L’évolution philosophique, au commencement du siècle, marchait de pair avec la
transformation littéraire : la Bourgeoisie avait pris le scepticisme et le matérialisme
pour armes contre le clergé, faisant cause commune avec l’aristocratie ; une fois
parvenue à la domination sociale, elle voulut asservir la religion à son usage et
l’employer à contenir dans la soumission passive les masses travailleuses ; elle
enjoignit à ses littérateurs et à ses philosophes de combattre « l’abominable
philosophie du xviiie
siècle, qui avait prêché la
révolte contre toute autorité, l’oubli de tous les devoirs, le mépris de toutes les
suprématies sociales… C’est elle qui a instruit et excité
les monstres qui ont dévasté la France… Robespierre, Collot, Carrier étaient des
philosophes21 »
. Le romantisme naissant s’enrôla sous la bannière
catholique : Atala, qui n’était que la préface du Génie du
Christianisme, chantait la victoire de la religion sur la nature.
* *
Les hommes de 1802 accueillirent avec enthousiasme les deux premiers romans de Chateaubriand, qui inaugurent l’ère romantique du xixe siècle, parce qu’ils reproduisaient dans une forme littéraire les sentiments et les idées qui vivaient et agissaient dans leur cœur et leur cerveau. Une œuvre littéraire, alors même qu’elle n’aurait aucune valeur artistique, acquiert une haute valeur historique, du moment que le succès l’a consacrée ; le critique matérialiste peut l’étudier avec la certitude de saisir sur le vif les impressions et les opinions des contemporains. Les romantiques de 1830 et les naturalistes de l’école de Zola, qui ne reconnaissaient pas dans l’Agamemnon et le Titus de Racine des courtisans de Versailles, et dans le Ruy-Blas et le Gennaro de Victor Hugo des bons bourgeois de Paris, se tenaient aux apparences. Jamais Racine et Hugo n’auraient été proclamés par leurs contemporains des grands génies, si leurs œuvres, ainsi que des miroirs, n’avaient reflété les hommes de leur milieu social, avec leur manière de voir, de sentir, de penser et de s’exprimer.

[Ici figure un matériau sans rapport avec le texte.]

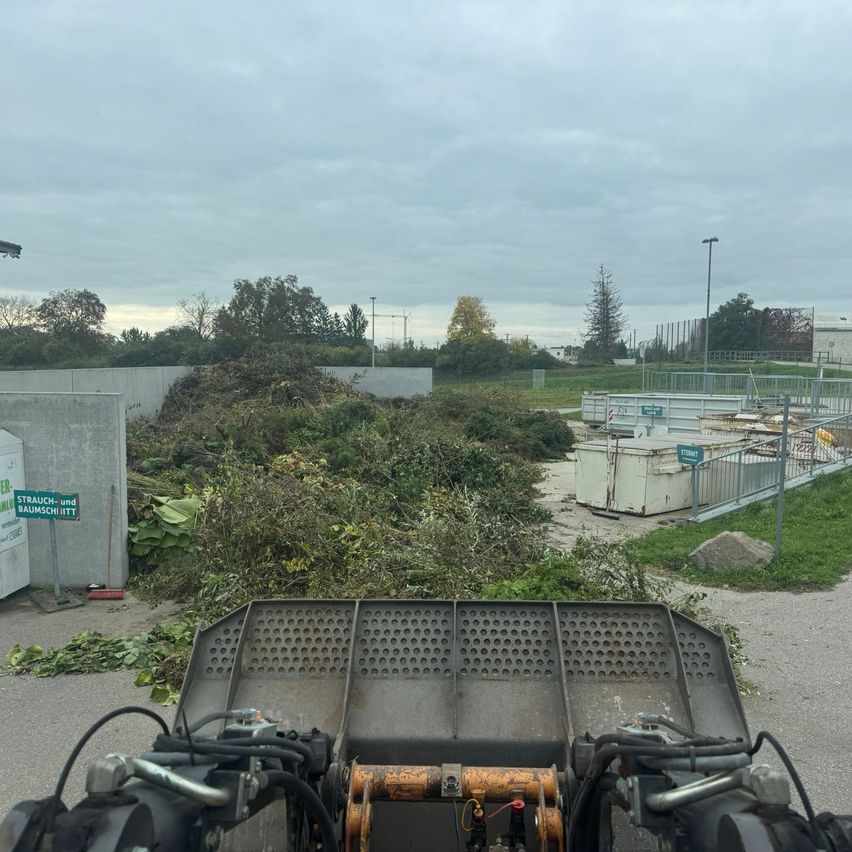 Ein Blick von einem Maschinenfahrzeug zeigt eine Landschaft mit einem großen Haufen geschnittener Sträucher und Bäume, einem eingezäunten Bereich und einem bewölkten Himmel.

Un chef-d’œuvre n’est pas plus « une variété du miracle… une distribution de
Dieu22 »
qu’une rose mousseuse ou un veau à deux
têtes. L’écrivain est rivé à son milieu social ; quoi qu’il fasse, il ne peut s’échapper
ni s’isoler du monde ambiant, et ne peut cesser d’en subir l’influence à son insu et
malgré lui : qu’il se plonge dans le passé ou s’élance vers l’avenir, dans l’un ou
l’autre sens, il ne saurait aller plus loin que ne comportent les données de son époque.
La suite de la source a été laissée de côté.